Using the data below, print exactly the line with "Petite lampe tactile", the line with "Close-up portrait of", and every line between them, but none of the pictures.

> _RECORDED DATA_:

═══

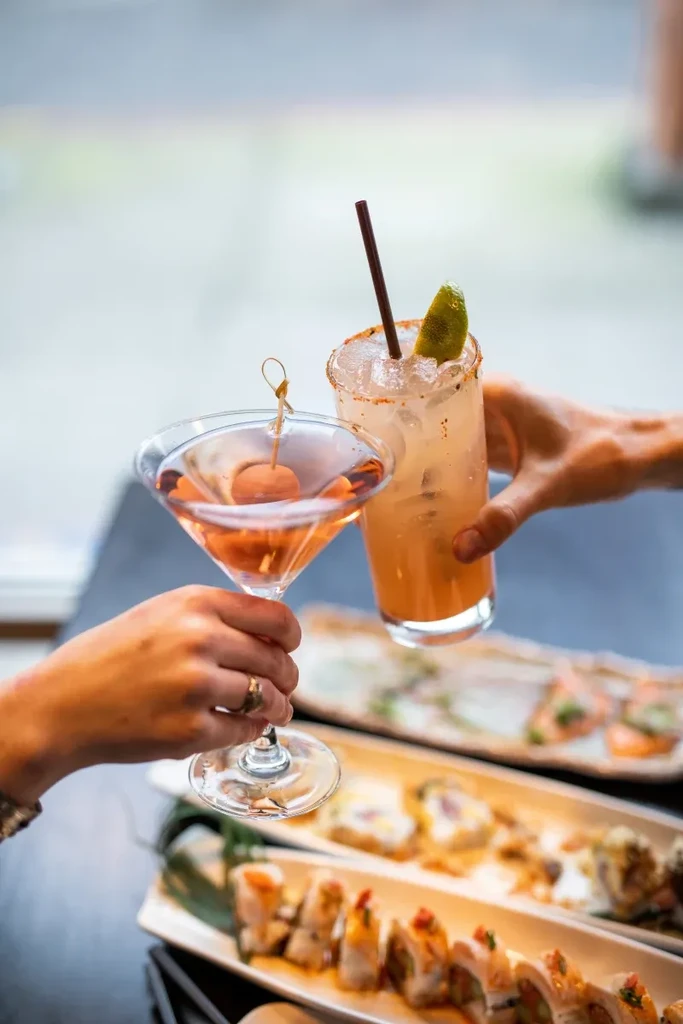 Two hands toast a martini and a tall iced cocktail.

═══

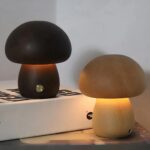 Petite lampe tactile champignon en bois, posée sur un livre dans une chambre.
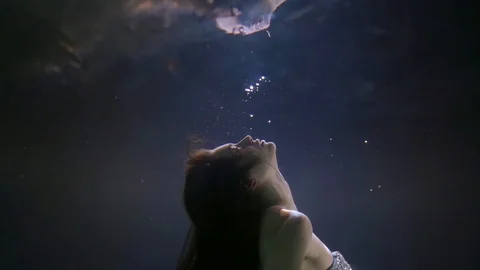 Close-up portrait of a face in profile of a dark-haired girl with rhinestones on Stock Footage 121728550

═══

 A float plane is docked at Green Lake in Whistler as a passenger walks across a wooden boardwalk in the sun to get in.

═══

> _EXERCISE SOLUTION_:
 Petite lampe tactile champignon en bois, posée sur un livre dans une chambre.
 Close-up portrait of a face in profile of a dark-haired girl with rhinestones on Stock Footage 121728550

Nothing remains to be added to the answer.